Baseline patient information, treatment characteristics, and rates of salvage treatments were compared with the Mann-Whitney U-test rank-sum test for continuous variables and the Pearson chi-square test for categorical variables.

Overall survival (OS) and PFS were calculated using the Kaplan-Meier method. Statistically significant comparisons between the two hospitals were calculated with the log-rank test. Univariate and multivariate analyses were performed with the Cox proportional hazards model.
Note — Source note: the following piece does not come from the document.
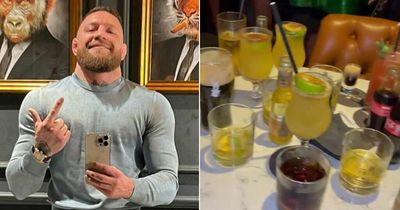 Conor McGregor has fans worried as he shows off pub table with dozens of drinks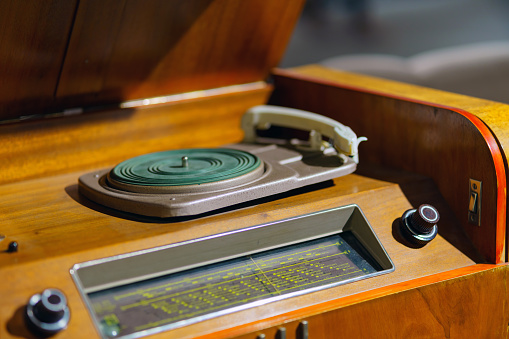 Vintage vinyl record player combined with radio receiver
All risk factors, including the institution, age, race, income, marital status, insurance, tumor size > 5cm, unifocal versus multifocal tumor, extent of resection, receipt and completion of radiation, time to RT, concurrent chemotherapy, and adjuvant chemotherapy were entered into the univariate analysis with each clinical outcome. Risk factors with P values < 0.10 were further entered into the multivariate analysis. Statistically insignificant variables were removed from the multivariate analysis in a stepwise fashion until only significant variables remained. Hazard ratios associated with covariates were estimated. All analysis was performed with JMP Pro (SAS Institute Inc. Cary, NC). For all statistical testing, P < .05 was considered significant. This article adhered to the reporting guideline of Strengthening the Reporting of Observational studies in Epidemiology for cohort studies.

Results

Patient Characteristics

A total of 116 patients were queried from our institutional records and retrospectively reviewed in our study. Twenty-two patients were excluded from analysis for a variety of reasons: 13 patients received their entire adjuvant oncologic care at outside centers, one was treated at both the SNH and PH, three had previously treated gliomas that underwent malignant transformation, and five patients had inadequate follow-up. The remaining 94 patients, 55 from the SNH and 39 from the PH, were included and analyzed.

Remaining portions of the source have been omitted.